#### Entries provided

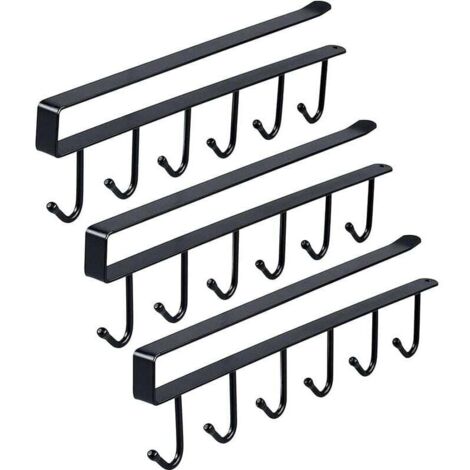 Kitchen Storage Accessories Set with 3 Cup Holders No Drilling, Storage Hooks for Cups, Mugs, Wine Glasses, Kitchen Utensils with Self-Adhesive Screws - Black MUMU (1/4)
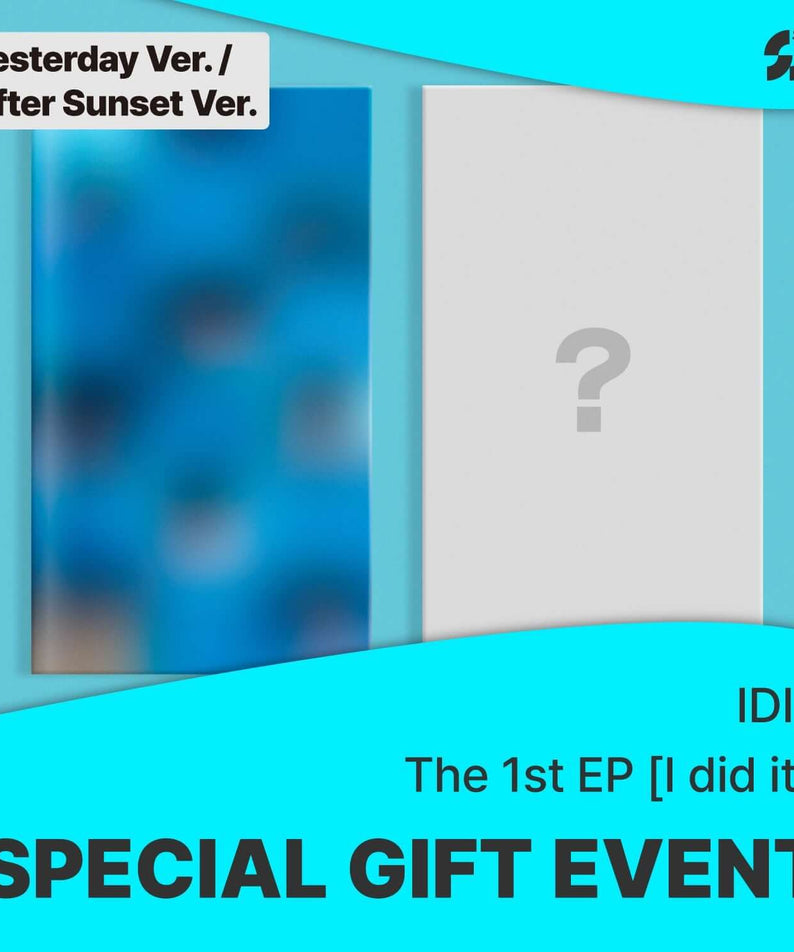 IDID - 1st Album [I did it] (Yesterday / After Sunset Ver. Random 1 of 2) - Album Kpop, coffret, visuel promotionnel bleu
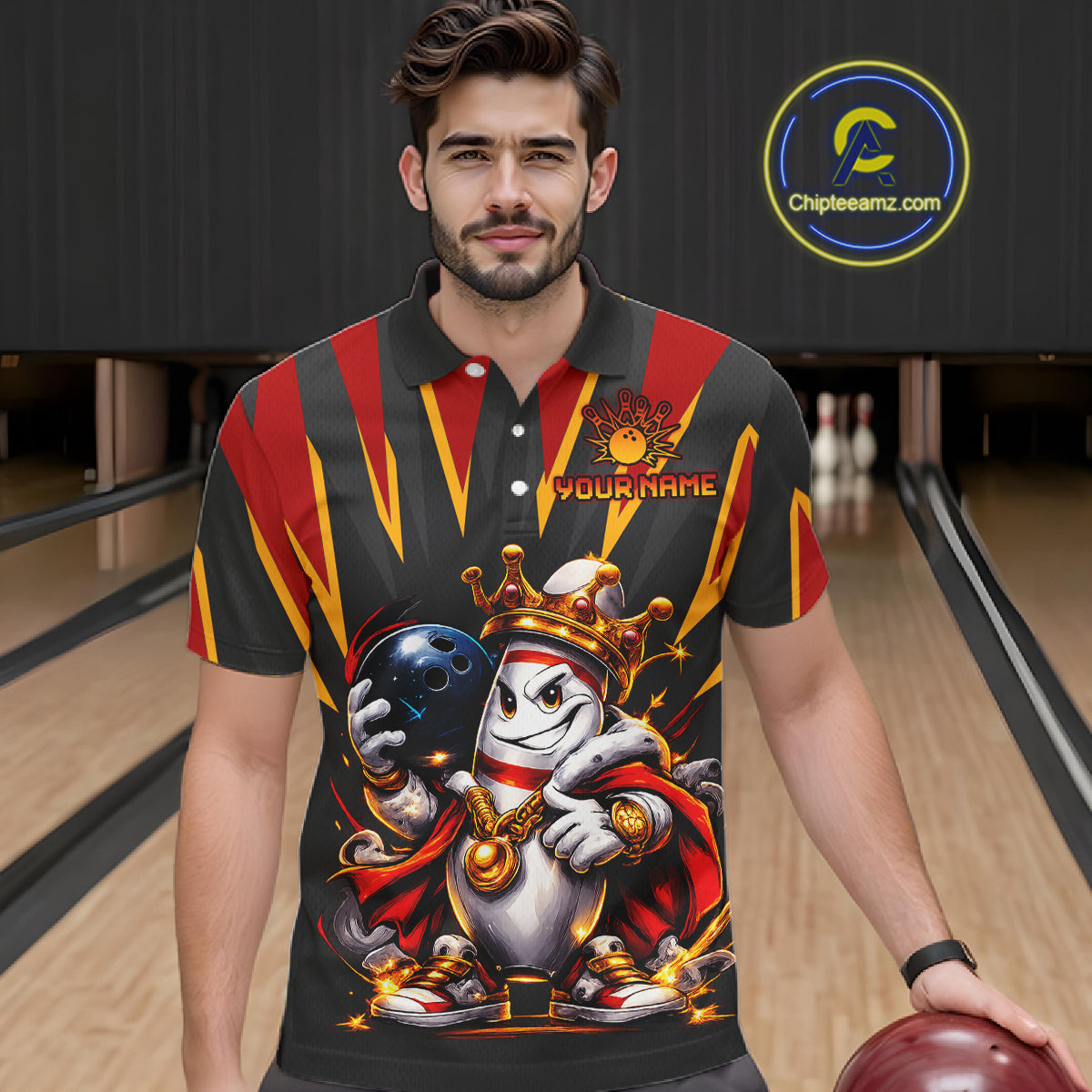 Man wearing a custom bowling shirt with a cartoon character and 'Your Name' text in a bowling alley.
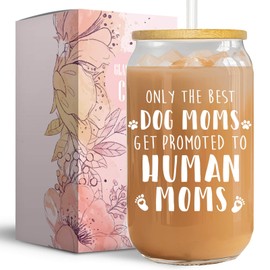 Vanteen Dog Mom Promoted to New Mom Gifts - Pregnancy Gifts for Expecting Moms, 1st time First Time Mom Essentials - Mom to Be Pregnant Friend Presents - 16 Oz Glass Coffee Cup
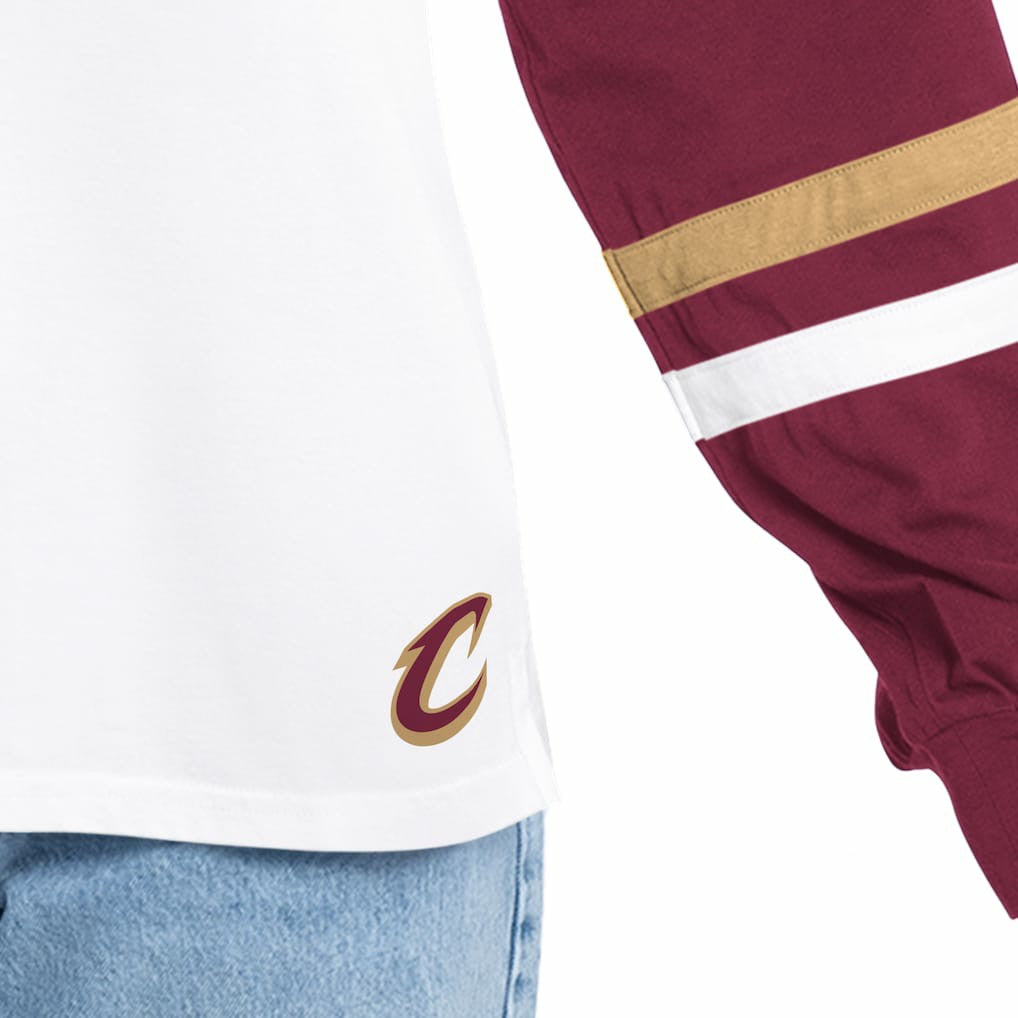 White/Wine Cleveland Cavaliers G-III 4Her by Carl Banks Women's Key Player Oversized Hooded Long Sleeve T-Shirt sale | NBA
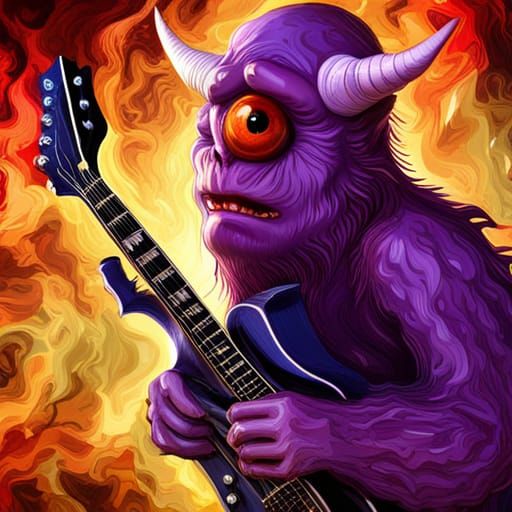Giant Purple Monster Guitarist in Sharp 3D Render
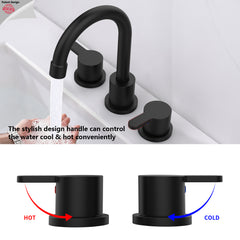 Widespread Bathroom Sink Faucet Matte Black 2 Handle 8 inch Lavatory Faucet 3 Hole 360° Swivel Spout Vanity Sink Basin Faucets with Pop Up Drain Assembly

...

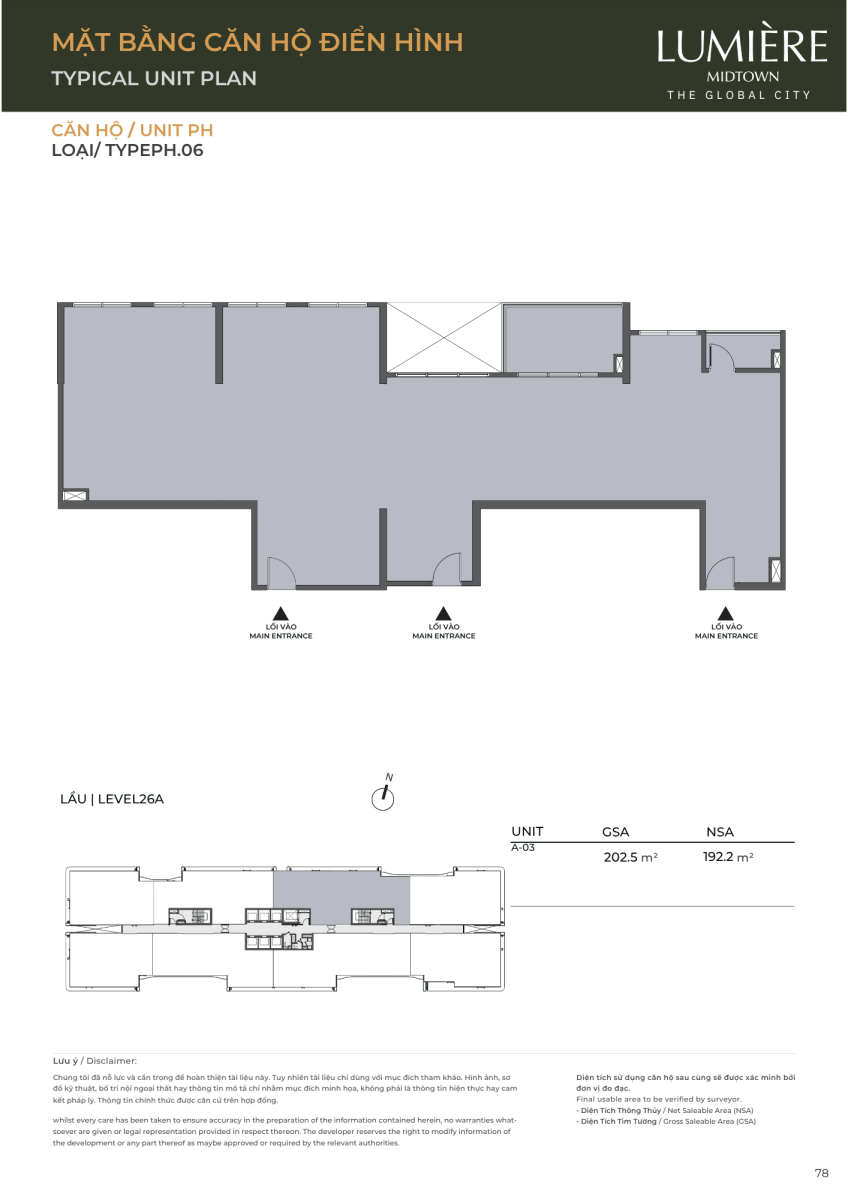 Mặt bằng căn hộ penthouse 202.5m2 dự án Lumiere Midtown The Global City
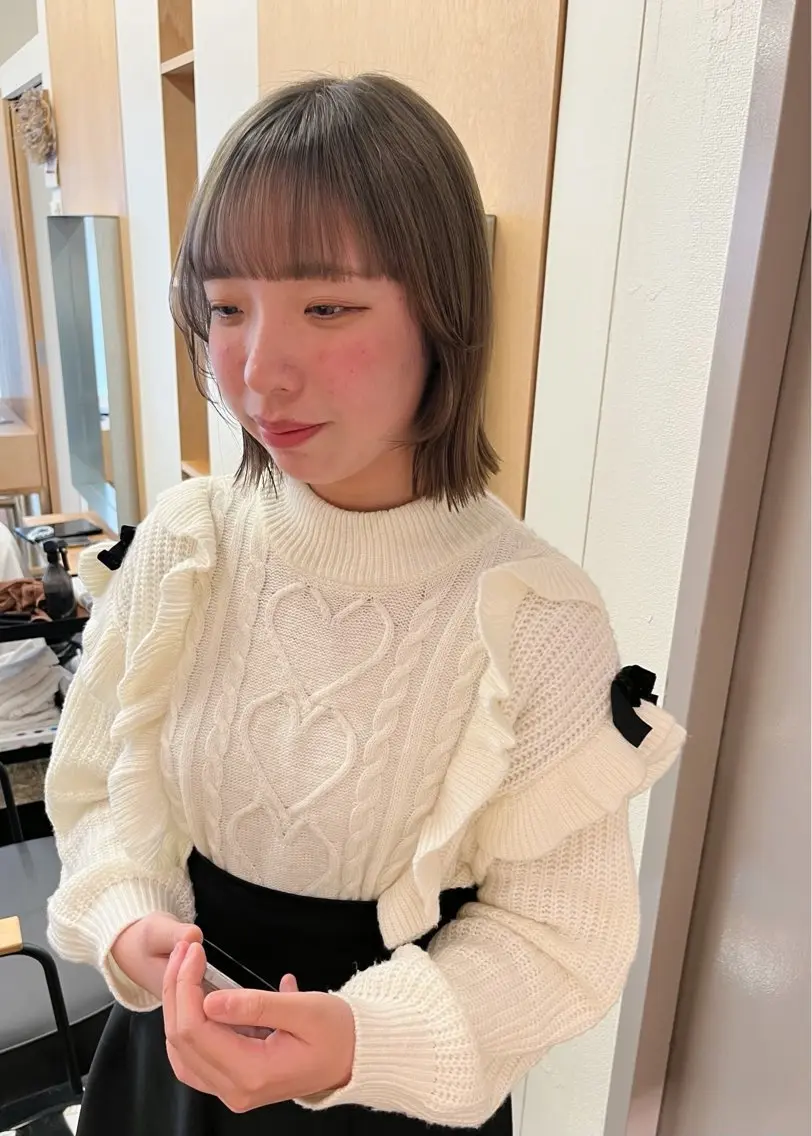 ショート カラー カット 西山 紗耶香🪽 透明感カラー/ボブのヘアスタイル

#### Work required
Print the line above containing "Vanteen Dog Mom", the line containing "White/Wine Cleveland Cavaliers", and everything between them, exactly as written. Pictures stay out.

#### Answer for the task
 Vanteen Dog Mom Promoted to New Mom Gifts - Pregnancy Gifts for Expecting Moms, 1st time First Time Mom Essentials - Mom to Be Pregnant Friend Presents - 16 Oz Glass Coffee Cup
 White/Wine Cleveland Cavaliers G-III 4Her by Carl Banks Women's Key Player Oversized Hooded Long Sleeve T-Shirt sale | NBA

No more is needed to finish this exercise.